The authors point out that about 8.6 million Americans perform shift work, which the National Sleep Foundation defines as any type of schedule that falls outside the standard nine-to-five norm for business hours. In the United States, factory workers, hospital staff, policemen, firefighters, pilots, road crews and truck drivers are some of the positions that commonly entail some degree of shift work.

This type of work has been previously associated with gastrointestinal problems, fatigue and poor sleep, the researchers noted. Such complications are thought to arise from a chronic disconnect between the waking and eating habits the work demands and the body's innate 24-hour sleep/wake clock, commonly known as the circadian rhythm.

To explore how such a misalignment might raise the risk for developing serious health issues, Scheer and his colleagues conducted a laboratory test designed to mimic the acute effects of jet lag and/or the chronic impact of regular shift work.

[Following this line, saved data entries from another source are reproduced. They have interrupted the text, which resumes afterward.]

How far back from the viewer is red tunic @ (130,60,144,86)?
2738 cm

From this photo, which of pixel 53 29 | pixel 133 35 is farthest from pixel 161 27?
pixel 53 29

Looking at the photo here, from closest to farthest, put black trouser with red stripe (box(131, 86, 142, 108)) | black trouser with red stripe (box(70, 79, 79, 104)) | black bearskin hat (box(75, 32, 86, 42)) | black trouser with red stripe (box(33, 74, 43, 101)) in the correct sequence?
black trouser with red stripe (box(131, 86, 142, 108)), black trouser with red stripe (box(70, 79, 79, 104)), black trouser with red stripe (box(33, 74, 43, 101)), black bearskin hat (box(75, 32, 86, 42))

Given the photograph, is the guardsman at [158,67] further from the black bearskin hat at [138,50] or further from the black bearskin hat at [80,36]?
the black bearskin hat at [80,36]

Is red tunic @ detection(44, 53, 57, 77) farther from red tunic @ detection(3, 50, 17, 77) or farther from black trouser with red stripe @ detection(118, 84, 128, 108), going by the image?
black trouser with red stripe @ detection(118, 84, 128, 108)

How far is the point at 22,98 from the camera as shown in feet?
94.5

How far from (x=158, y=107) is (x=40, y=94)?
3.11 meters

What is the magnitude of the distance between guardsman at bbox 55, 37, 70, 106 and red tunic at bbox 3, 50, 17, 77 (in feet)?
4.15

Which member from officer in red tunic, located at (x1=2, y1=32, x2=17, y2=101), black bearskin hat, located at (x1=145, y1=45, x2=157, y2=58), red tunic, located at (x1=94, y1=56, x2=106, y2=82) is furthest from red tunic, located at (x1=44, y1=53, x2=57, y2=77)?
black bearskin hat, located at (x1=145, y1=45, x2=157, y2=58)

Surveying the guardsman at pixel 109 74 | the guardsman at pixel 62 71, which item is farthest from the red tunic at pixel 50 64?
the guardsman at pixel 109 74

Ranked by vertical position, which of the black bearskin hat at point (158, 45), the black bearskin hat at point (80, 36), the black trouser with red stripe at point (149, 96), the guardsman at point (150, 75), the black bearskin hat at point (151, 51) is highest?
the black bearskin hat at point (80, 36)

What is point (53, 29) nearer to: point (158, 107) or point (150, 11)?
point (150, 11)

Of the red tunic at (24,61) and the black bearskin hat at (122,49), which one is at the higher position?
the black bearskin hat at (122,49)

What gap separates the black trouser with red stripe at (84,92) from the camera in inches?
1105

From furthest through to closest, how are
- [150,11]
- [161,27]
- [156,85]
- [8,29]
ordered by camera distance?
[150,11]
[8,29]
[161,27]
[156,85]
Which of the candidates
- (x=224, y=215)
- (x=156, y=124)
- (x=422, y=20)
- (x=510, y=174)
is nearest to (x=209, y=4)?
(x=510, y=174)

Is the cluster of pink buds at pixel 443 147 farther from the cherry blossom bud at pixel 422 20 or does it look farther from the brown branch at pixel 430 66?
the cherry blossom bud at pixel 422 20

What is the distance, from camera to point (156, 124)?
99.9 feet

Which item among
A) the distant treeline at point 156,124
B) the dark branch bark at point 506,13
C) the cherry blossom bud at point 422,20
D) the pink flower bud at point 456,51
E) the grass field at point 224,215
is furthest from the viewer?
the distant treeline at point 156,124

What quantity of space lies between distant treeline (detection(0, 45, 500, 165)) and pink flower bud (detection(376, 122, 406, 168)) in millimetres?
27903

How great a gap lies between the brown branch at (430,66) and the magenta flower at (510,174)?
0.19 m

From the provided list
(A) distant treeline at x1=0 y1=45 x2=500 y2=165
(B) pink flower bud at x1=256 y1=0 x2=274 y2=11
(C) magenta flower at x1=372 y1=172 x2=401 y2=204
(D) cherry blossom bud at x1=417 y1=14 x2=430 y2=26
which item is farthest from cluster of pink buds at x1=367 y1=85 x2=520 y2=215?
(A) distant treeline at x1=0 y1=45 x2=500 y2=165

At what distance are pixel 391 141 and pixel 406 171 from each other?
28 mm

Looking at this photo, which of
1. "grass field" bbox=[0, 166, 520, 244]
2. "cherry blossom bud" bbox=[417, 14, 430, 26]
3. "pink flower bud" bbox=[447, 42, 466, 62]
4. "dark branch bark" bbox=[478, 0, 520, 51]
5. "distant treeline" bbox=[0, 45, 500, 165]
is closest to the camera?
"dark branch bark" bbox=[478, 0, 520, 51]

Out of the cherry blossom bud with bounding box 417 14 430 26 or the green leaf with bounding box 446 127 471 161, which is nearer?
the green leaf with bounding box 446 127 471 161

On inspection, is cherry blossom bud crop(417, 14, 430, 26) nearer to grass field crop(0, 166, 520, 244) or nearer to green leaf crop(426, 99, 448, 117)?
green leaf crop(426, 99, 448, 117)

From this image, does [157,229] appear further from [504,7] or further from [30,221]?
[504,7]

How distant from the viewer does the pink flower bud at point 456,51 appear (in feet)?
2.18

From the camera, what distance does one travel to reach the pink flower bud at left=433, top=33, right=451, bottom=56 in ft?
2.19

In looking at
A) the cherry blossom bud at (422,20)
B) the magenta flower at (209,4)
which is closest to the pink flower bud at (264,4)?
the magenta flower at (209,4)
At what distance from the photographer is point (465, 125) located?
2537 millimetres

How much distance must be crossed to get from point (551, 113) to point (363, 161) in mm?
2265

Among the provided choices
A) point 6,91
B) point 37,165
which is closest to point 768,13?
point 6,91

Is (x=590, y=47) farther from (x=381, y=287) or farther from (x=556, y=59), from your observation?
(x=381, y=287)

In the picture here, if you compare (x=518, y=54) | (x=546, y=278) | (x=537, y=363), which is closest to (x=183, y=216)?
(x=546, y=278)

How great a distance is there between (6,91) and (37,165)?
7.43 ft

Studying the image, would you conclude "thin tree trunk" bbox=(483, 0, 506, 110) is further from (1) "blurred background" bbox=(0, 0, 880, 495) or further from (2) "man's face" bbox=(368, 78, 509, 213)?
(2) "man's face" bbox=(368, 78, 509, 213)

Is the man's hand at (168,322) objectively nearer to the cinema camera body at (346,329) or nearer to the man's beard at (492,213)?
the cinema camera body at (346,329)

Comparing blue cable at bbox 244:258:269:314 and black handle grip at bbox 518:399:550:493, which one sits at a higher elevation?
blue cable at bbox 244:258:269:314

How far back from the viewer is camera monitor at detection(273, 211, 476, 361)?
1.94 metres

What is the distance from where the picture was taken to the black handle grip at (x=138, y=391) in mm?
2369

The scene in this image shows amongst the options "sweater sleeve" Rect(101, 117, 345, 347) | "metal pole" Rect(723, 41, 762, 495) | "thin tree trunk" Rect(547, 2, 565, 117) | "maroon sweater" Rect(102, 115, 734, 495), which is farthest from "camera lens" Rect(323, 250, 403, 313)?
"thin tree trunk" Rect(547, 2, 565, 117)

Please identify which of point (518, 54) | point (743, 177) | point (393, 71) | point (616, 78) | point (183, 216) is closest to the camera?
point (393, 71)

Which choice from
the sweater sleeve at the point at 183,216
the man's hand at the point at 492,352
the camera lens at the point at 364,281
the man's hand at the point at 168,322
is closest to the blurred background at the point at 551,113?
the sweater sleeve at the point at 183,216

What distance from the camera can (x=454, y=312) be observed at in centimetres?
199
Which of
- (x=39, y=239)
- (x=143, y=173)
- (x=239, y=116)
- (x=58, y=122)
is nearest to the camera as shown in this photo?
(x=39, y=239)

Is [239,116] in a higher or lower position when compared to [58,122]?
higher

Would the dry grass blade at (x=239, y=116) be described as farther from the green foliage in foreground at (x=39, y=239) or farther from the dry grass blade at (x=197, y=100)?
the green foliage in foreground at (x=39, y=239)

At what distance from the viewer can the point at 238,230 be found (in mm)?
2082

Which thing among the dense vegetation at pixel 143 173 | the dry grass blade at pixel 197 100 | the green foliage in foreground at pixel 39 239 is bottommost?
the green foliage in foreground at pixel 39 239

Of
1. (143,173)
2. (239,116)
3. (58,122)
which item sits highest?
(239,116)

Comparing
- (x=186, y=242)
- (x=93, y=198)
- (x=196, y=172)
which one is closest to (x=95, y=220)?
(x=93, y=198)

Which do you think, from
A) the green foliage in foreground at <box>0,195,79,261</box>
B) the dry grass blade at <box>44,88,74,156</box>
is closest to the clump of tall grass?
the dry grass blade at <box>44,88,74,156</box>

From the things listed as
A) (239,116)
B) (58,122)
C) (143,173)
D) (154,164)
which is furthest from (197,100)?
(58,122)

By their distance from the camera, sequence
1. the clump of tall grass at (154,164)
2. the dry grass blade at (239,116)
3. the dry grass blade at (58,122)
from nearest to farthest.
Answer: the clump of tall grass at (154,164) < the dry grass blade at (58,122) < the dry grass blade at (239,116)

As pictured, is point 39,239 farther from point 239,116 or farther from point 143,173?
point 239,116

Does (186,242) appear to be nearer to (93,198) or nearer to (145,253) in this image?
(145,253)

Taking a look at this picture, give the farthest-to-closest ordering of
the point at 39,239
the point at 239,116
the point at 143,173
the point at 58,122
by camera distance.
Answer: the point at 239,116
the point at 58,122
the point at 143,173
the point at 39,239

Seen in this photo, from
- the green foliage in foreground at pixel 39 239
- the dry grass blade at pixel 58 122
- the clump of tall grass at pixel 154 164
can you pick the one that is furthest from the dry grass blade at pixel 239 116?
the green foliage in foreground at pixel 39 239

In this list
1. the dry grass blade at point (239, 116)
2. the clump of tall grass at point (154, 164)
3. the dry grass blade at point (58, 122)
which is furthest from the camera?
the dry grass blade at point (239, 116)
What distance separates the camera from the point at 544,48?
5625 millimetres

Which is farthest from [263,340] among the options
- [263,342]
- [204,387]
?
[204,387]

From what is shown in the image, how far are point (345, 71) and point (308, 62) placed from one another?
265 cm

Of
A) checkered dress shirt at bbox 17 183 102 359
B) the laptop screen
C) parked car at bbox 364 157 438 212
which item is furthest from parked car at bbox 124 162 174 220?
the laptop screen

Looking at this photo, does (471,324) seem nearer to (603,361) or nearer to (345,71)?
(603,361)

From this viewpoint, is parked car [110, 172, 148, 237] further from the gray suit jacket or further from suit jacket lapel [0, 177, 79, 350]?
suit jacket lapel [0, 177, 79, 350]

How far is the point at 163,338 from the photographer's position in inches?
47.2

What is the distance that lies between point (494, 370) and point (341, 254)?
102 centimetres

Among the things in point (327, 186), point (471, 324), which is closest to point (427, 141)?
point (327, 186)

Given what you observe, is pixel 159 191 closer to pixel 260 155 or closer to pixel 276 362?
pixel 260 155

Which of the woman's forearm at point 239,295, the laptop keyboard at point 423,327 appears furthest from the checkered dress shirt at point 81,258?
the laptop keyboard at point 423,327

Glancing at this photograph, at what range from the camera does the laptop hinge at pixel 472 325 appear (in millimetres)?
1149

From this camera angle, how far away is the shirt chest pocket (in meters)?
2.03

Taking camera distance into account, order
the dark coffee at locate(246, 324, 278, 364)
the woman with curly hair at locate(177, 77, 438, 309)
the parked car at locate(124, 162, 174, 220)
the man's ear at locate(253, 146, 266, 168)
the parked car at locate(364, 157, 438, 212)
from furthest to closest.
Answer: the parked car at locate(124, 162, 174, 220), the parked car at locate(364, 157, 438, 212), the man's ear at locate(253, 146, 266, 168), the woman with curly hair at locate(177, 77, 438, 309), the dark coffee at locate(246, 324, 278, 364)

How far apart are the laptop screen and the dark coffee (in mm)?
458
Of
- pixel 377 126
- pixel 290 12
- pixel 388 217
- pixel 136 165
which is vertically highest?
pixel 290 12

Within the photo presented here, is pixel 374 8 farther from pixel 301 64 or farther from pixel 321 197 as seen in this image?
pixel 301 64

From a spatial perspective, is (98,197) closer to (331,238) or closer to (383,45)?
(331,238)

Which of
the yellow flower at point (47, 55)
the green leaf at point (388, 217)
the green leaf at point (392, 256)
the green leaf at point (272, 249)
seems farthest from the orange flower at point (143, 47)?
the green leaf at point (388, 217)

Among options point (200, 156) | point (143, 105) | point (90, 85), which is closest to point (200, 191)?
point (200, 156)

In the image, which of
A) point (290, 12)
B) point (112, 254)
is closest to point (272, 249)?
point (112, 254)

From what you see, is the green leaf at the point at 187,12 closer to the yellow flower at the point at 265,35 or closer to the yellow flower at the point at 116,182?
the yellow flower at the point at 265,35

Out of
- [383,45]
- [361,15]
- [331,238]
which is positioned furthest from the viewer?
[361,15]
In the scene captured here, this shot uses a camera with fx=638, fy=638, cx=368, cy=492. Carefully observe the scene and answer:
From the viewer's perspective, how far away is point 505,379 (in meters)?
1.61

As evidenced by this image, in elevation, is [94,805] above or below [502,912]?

In the experiment, the bodily responses of five men and five women were tracked as they stuck to an ever-changing sleep/eat schedule for 10 days.

By the study's conclusion, all the volunteers had eaten and slept across all phases of the circadian cycle, as they followed a daily schedule artificially fashioned along 28-hour blocks.

The results: circadian misalignment provoked a drop in levels of the weight-regulating hormone leptin. Plummeting leptin levels could hasten the onset of obesity and heart disease by prompting increases in appetite and decreases in activity, the researchers said.

Furthermore, changes in blood sugar levels and insulin levels also occurred, resulting in impaired glucose tolerance and decreased insulin sensitivity.

In particular, three participants with no prior history of diabetes developed glucose levels that resembled those of pre-diabetic people after eating on the misaligned schedule. Daytime blood pressure levels were also found to be elevated among these volunteers.

The degree of hormonal change was highest when participant schedules were set 12 hours off the normal sleep/wake cycle -- that is, when participants were asked to sleep throughout the day and stay awake through the night.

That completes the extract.